Warmer and brighter cities trick trees into thinking that spring arrives earlier by an average of nine days, according to a prize-winning new study published in the prestigious peer-reviewed Science journal.
This artificially induced early spring can assist urban planners in their decision on how to light public areas in a way that benefits cities' trees, according to the study's author, Lin Meng. The study won this year's Science & SciLifeLab Prize for Young Scientists.
"Human-induced alterations in the urban environment may affect phenology [the timing of seasonal biological events] even more than climate warming," Meng wrote in her essay. "These changes have cascading ecosystem effects, such as affecting allergy and mosquito season, water cycling, and plant-pollinator matchup," she explained.
Meng, a postdoctoral scholar at Lawrence Berkeley National Laboratory, said she was inspired to research the issue after watching cherry trees blossom unusually early in Beijing, only to be demolished by a snowstorm.
According to Meng, a tree's phenology cycle is affected by both temperature and its photoperiod (the amount of light it receives in a day). Trees use this information to halt their growth during winter and begin to flourish again in spring and summer.
Earlier studies have shown that large cities are 1-3 degrees warmer than the nearby countryside, a phenomenon known as the "urban heat island effect." These have led to a pre-induced spring by an average of six days. However, Meng attempted to single out the photoperiod in order to examine whether it, too, affects urban tree phenology.
In order to do so, Meng chose to analyze trees in the European Alps, where elevation decreases with an increase in latitude – the horizontal lines in the global grid, as opposed to the vertical longitudinal ones – providing a relatively uniform temperature distribution. However, the mountain range's trees have different photoperiods as daylengths chase on an east-west axis. She used over 8,600 records from the Pan European Phenological Network in her analysis.

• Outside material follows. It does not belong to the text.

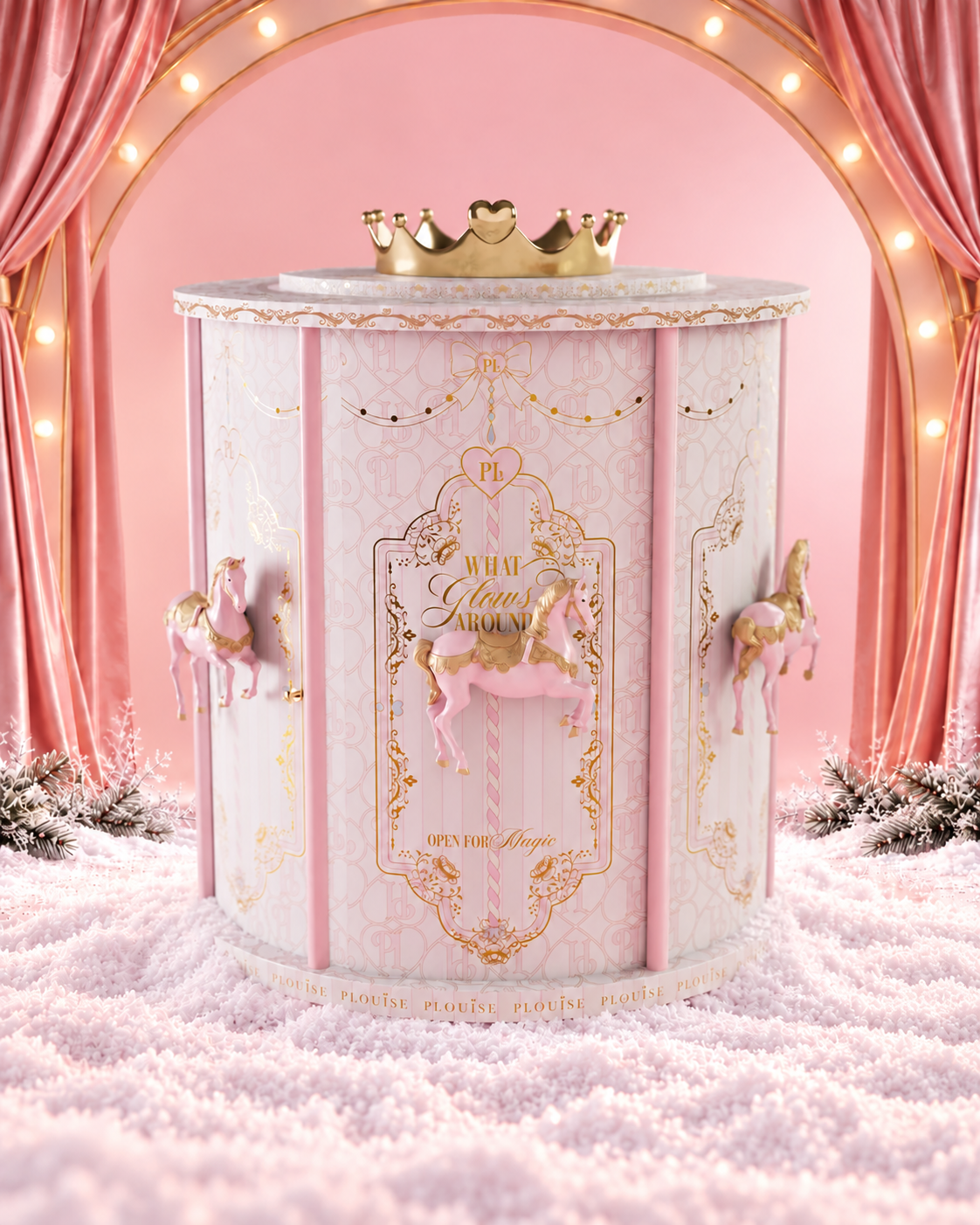 Carousel advent calendar resting on snow without decorative baubles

Meng found that different photoperiods devoid of temperature changes still lead to phenological changes.
She then set out into uncharted waters: what about artificial light?
In order to answer the question, Meng used NASA Black Marble artificial light satellite data and approximately 2,600 records from the USA National Phenology Network. What she found surprised her: Intense artificial light corresponded with spring arriving nine days early on average, and on the flip side, autumn leaves became colored six days late. These findings indicated that artificial lighting had a significant and overlooked impact on urban trees, which seem to mistake it for sunlight and behave accordingly.
Meng's future research will dive deeper into this important discovery by attempting to discern the different effects on trees of differing forms of artificial lighting, such as LEDs versus sodium street lamps, according to the American Association for the Advancement of Science.
"Answers to these questions will inform decision-making on what types of light we need for different locations to minimize ecological consequences," the AAAS quoted her as saying.